Obama lobte auch die Spezialeinheit Navy Seals, die den Einsatz ausgeführt hatte. Diese habe bei dem nächtlichen Einsatz die "Geistesgegenwart" gehabt, einen "Schatz an Informationen" mitzunehmen.

Zum ersten Mal sprach Obama auch öffentlich über das, was er empfand, als er den Angriff auf das Bin Laden-Versteck per Bildschirm im Situation Room des Weißen Hauses verfolgte. Dort sei es sehr still und angespannt gewesen.

"Es waren die längsten 40 Minuten meines Lebens", gab Obama zu. Nur als seine kleine Tochter Sasha im Alter von drei Monaten Meningitis hatte, sei er ähnlich angespannt gewesen. Seine erste Sorge habe den Einsatzkräften der Navy Seals gegolten und der Frage: "Wenn ich sie reinschicke, wie kann ich sie auch wieder herausholen?" Die Erleichterung sei sehr groß gewesen, als die Einsatzkräfte aus dem Gebäude herauskamen und verkündeten: "Geronimo (so der Deckname sowohl für die Gefangennahme als auch die Tötung Bin Ladens) ist getötet worden."

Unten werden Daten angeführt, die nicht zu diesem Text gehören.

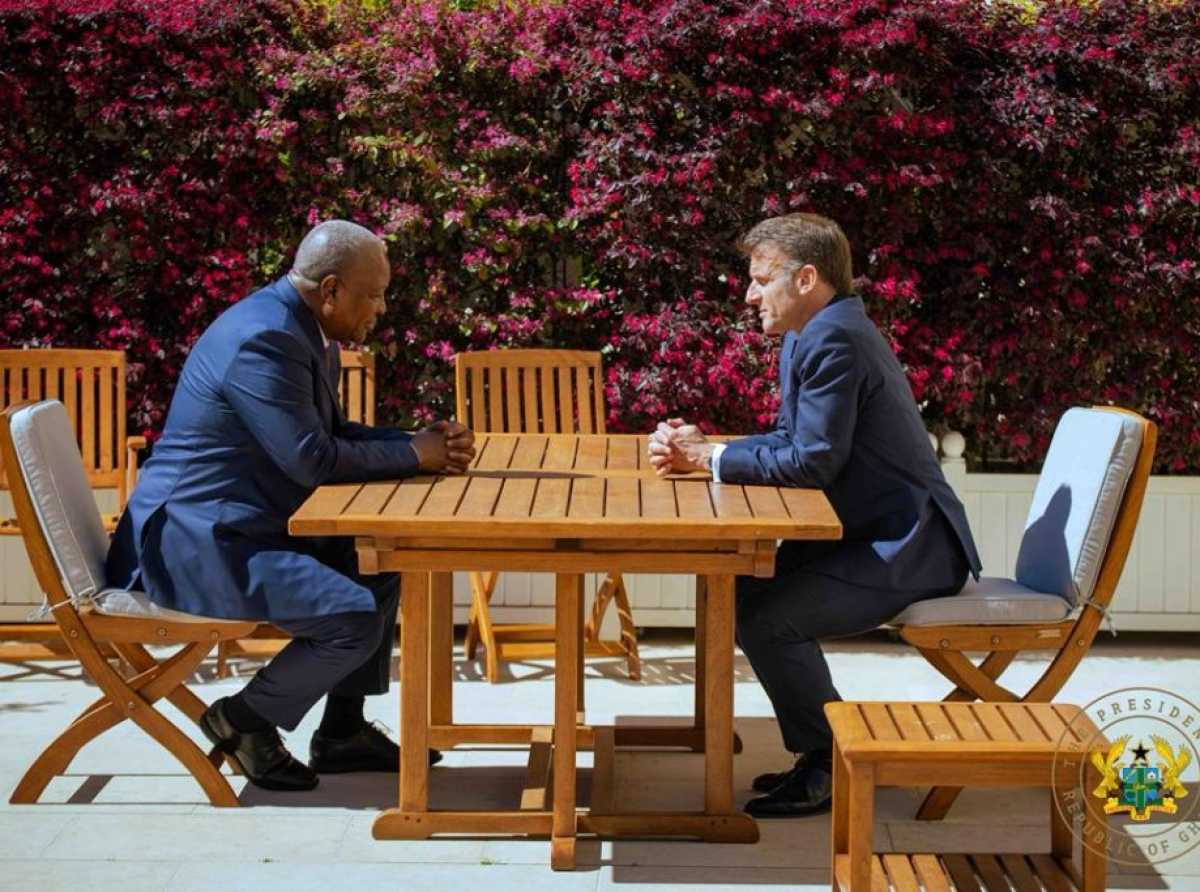 President Mahama and President Macron strengthen ties at Élysée Palace.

Obama erklärte, nur die wenigsten Mitarbeiter des Weißen Hauses hätten von den Plänen gewusst - auch nicht seine Familie. Die Chance, den Einsatz erfolgreich zu beenden, habe 55 zu 45 gestanden. Es sei nicht sicher gewesen, dass Bin Laden sich zu dem Zeitpunkt in dem Haus aufhielt. "Es war es wert, das politische Risiko zu tragen und das Risiko für unsere Männer", sagte Obama.

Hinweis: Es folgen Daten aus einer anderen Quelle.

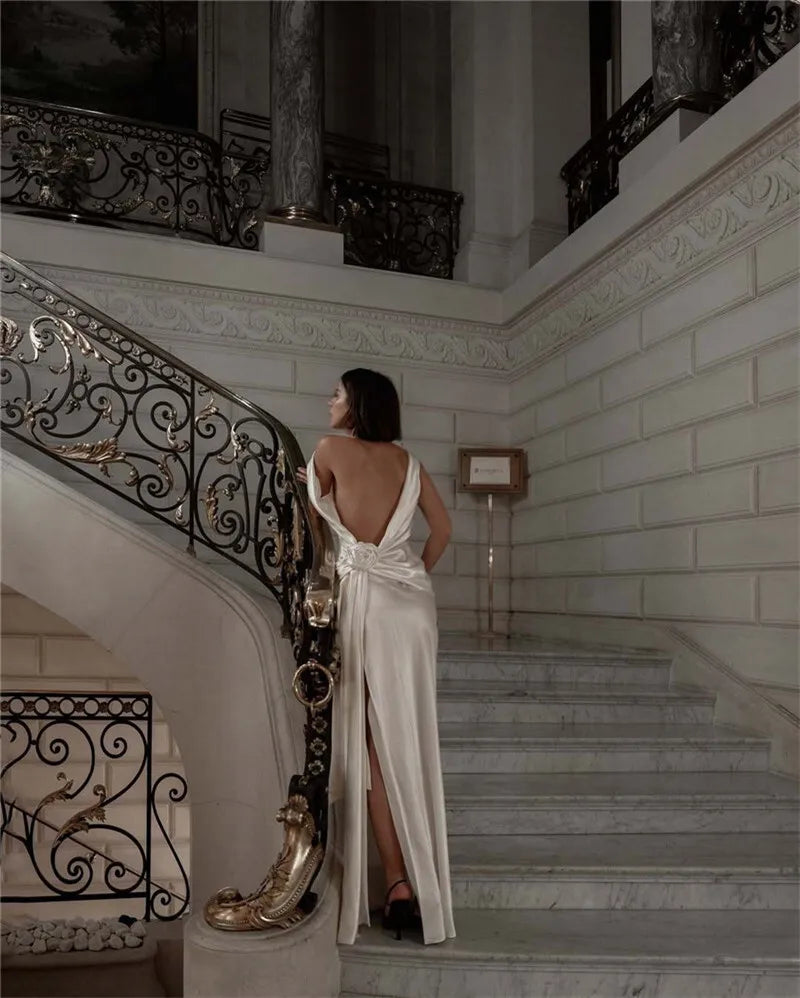 Satin Backless High Split Maxi Dress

Mit dem Vorwurf, dass bei der Aktion Menschen getötet worden seien, komme er klar. "So nervös ich während des ganzen Prozesses war: Die Tatsache, die mir am wenigsten den Schlaf geraubt hat, war die, dass wir Bin Laden ausgeschaltet haben."

Pakistanische Medien veröffentlichten unterdessen den Namen eines mutmaßlichen Mitarbeiters des US-Geheimdienstes CIA. Bei ihm soll es sich den Berichten zufolge um den Leiter des CIA-Büros in der Hauptstadt Islamabad handeln.

Es ist bereits das zweite Mal innerhalb von sechs Monaten, dass ein vermeintlicher CIA-Chef in Islamabad durch pakistanische Medien enttarnt wird. Im Dezember hatte die CIA den Mitarbeiter aus dem Land abgezogen. Der pakistanische Geheimdienst hatte später Vorwürfe zurückgewiesen, er sei für die Enttarnung verantwortlich.